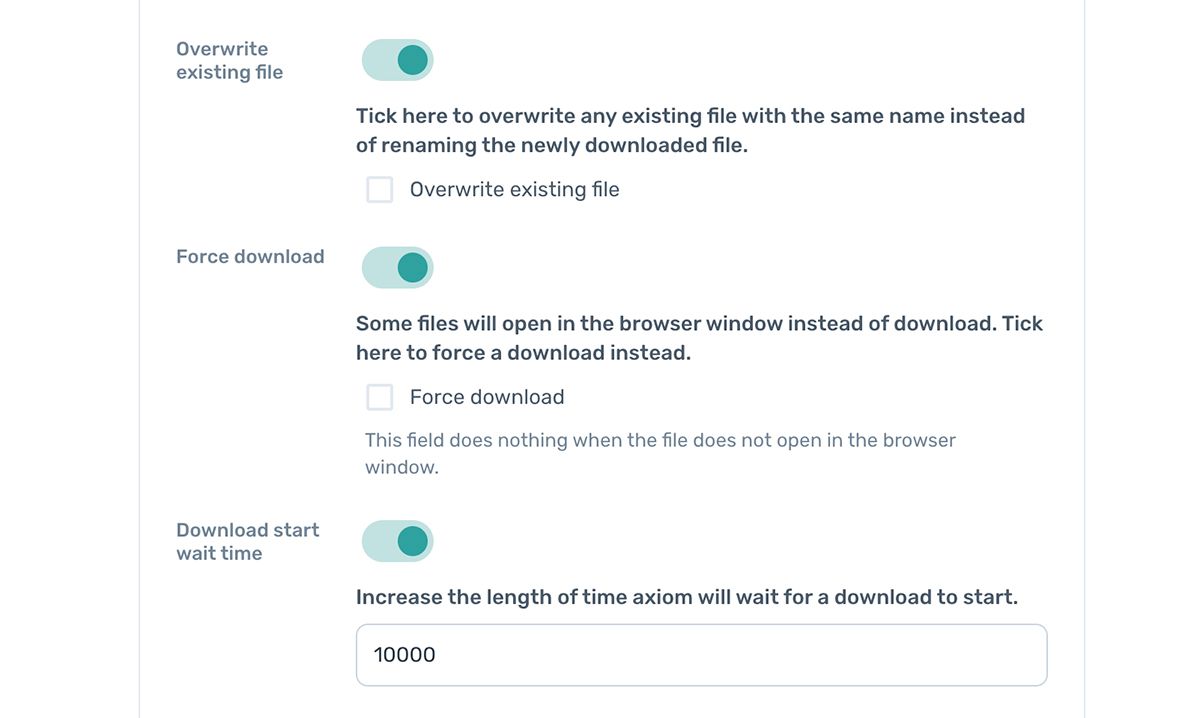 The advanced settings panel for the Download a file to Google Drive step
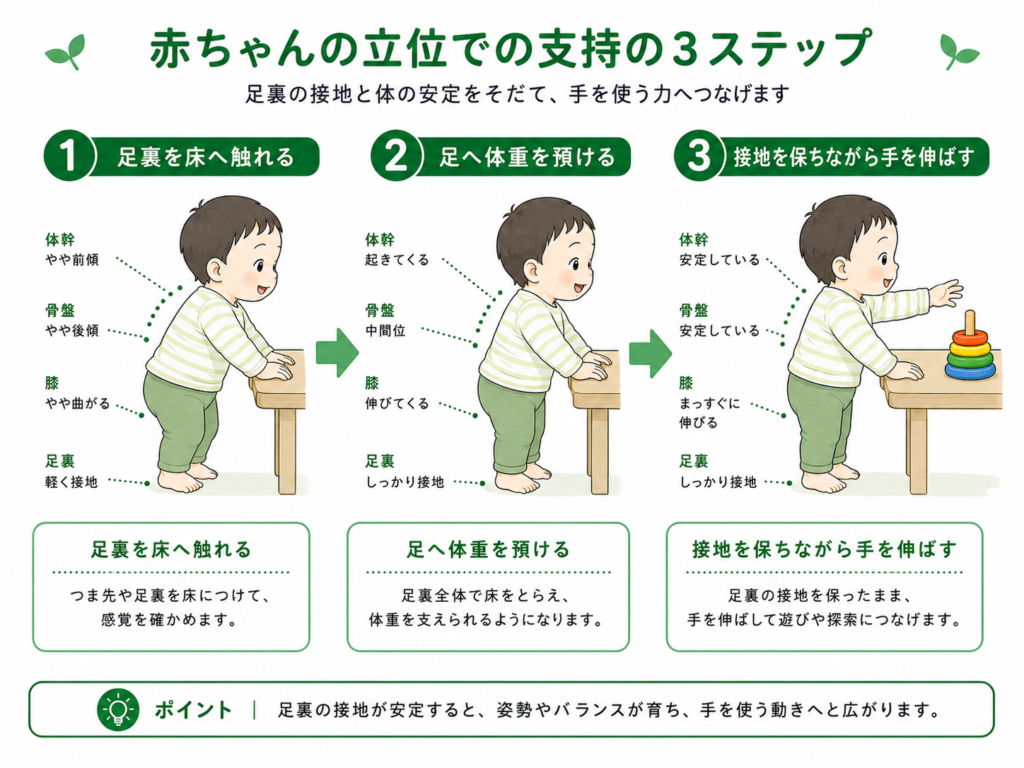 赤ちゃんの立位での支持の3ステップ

--

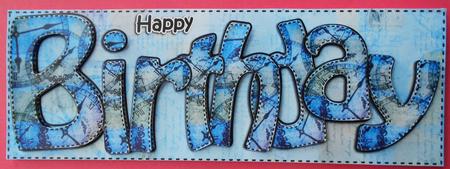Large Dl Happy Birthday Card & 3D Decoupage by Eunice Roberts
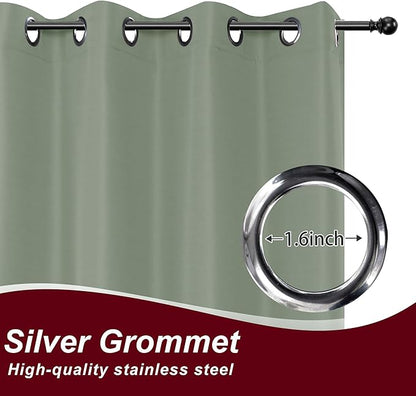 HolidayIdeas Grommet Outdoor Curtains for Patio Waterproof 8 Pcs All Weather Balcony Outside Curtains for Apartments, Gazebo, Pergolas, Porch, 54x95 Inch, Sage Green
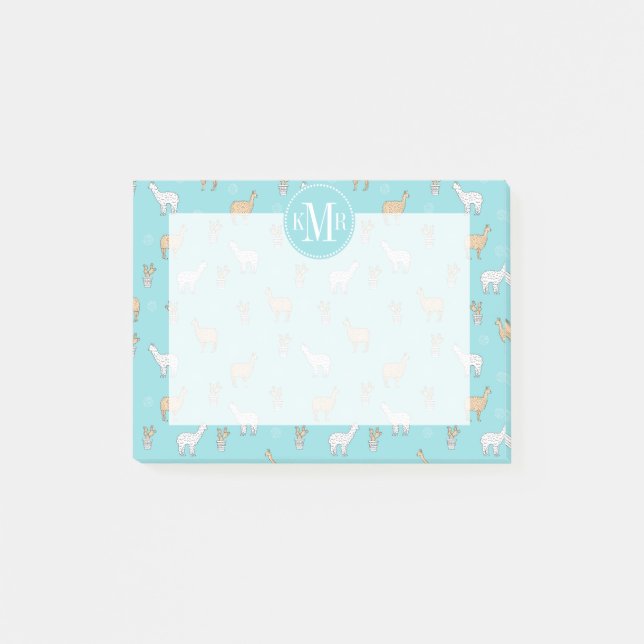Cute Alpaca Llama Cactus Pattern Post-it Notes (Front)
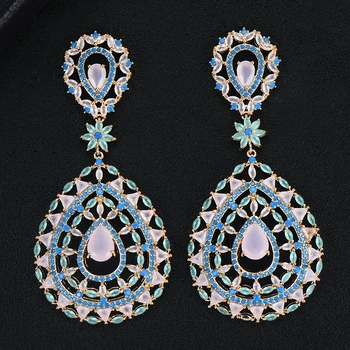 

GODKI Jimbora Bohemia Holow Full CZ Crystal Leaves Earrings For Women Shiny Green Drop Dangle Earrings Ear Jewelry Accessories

--

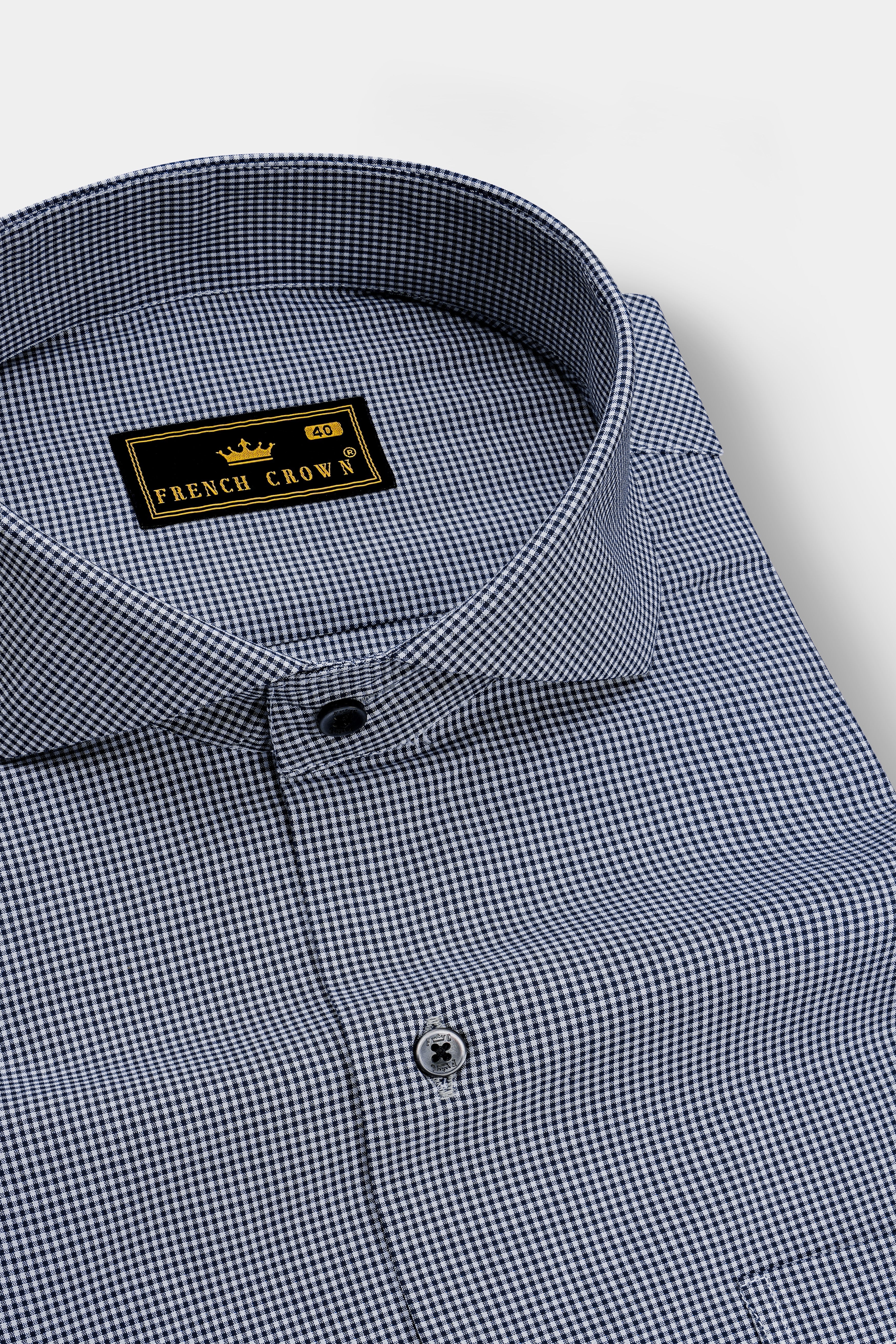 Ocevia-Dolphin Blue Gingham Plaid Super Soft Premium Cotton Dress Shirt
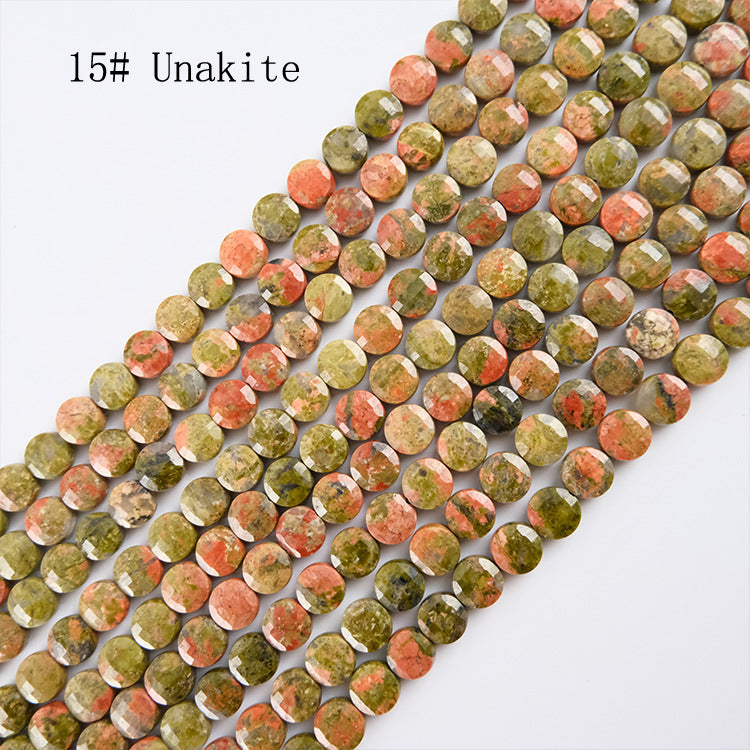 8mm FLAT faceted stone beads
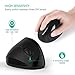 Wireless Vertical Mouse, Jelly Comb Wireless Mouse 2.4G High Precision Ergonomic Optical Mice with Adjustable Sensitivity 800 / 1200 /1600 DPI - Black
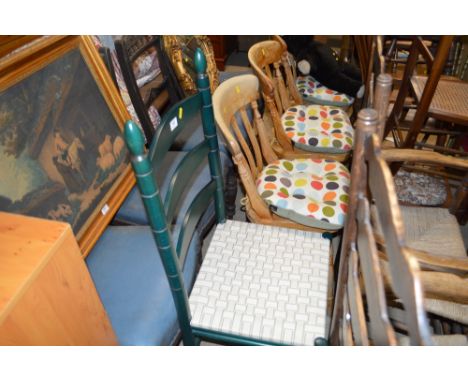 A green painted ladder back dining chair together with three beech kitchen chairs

# [Action item]
Range to copy from the listing above: the line with "Cute Alpaca Llama" through the line with "GODKI Jimbora Bohemia". Transcribe it exactly and skip the pictures.

# [Answer below]
Cute Alpaca Llama Cactus Pattern Post-it Notes (Front)

GODKI Jimbora Bohemia Holow Full CZ Crystal Leaves Earrings For Women Shiny Green Drop Dangle Earrings Ear Jewelry Accessories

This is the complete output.